### Available data
══════

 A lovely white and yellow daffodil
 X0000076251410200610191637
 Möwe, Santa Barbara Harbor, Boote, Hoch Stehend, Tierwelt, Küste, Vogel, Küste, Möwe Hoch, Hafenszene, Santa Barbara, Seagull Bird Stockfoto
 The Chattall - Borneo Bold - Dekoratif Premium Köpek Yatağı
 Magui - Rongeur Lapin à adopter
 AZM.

══════

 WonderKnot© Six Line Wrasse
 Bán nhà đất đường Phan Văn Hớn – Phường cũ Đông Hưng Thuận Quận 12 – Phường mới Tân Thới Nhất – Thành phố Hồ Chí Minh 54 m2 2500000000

══════

Above are the records; copy exactly the lines from the line with "WonderKnot© Six Line Wrasse" through the line with "Bán nhà đất", both included.

 WonderKnot© Six Line Wrasse
 Bán nhà đất đường Phan Văn Hớn – Phường cũ Đông Hưng Thuận Quận 12 – Phường mới Tân Thới Nhất – Thành phố Hồ Chí Minh 54 m2 2500000000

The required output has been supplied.